Donum Vitae,” Haas continued, “said that children have a right to come into being by virtue of an act of love of a husband and wife. The child has a right to nurture, love, and support from its parents.

“One of the dreadful things happening in our society is that human beings are reduced to products. We are manufacturing human beings and the Church has always insisted that human beings can't be manufactured. This situation [in Calif.] places the child at the whim of others' decisions. It is ethical relativism carried to its extreme.”

Dr. Janet Smith, professor of philosophy at the University of Dallas and an authority on the 1968 papal encyclical Humane Vitae (On Human Life), agrees. “While all of us can be very sympathetic to couples who have problems with infertility and their desire to have a child of their own, we have to see what ludicrous lengths this has gone to. This woman [in Calif.] has adopted a baby, which she has purchased. She and her ex-husband have purchased the sperm and the egg and the uterus, as opposed to reaching out and offering a home to an existing child who needs a home.

“There's a kind of madness here, obviously. In fact, the Church says that if you start to get really bizarre and ludicrous consequences from certain actions, then that's a pretty good sign that the actions themselves are not in accord with God's will. The Church clearly teaches that a man and woman have the moral right to be mother and father biologically only by each other. To do it any other way is to violate the moral law. So, there have been at least three violations of the moral law in this case.”

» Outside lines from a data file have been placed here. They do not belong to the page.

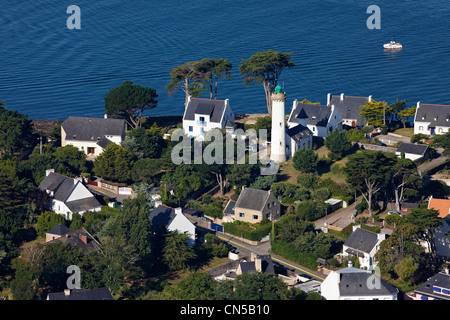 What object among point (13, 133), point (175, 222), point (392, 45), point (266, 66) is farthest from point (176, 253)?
point (392, 45)

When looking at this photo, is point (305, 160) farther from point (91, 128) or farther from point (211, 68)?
point (91, 128)

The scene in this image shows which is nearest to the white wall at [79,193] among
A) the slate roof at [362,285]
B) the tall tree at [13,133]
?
the tall tree at [13,133]

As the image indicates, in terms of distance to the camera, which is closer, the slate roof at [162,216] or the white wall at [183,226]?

Added Richard Doerflinger, associate director of the Secretariat for Pro-Life activities at the National Conference of Catholic Bishops: “In vitro is a manufacturing procedure, it treats the embryo like an object. That leads to further abuses down the road. In many in vitro fertilization programs there's a lot of destroying and discarding of human embryos. Many are discarded because they are extra or they are seen as low quality. The very procedure [of artificial insemination] invites these physicians to treat embryos almost cavalierly; you are objectifying the human person in the lab as something to be worked upon.

Donum Vitae completely excluded any use of donor egg or donor sperm to reproduce. You have a very different situation when you have an infertile couple who choose to adopt a child,” continued Doerflinger, “because in the case of adoption a child's bond with his or her biological parents is already broken. The parents are unable or unwilling to act as parents and the infertile couple can choose to become the parents of this child as their own. That is not the same as planning from the outset the meaning of your parenthood by incorporating third parties into the process.”

Karen Walker is based in Corona Del Mar, Calif.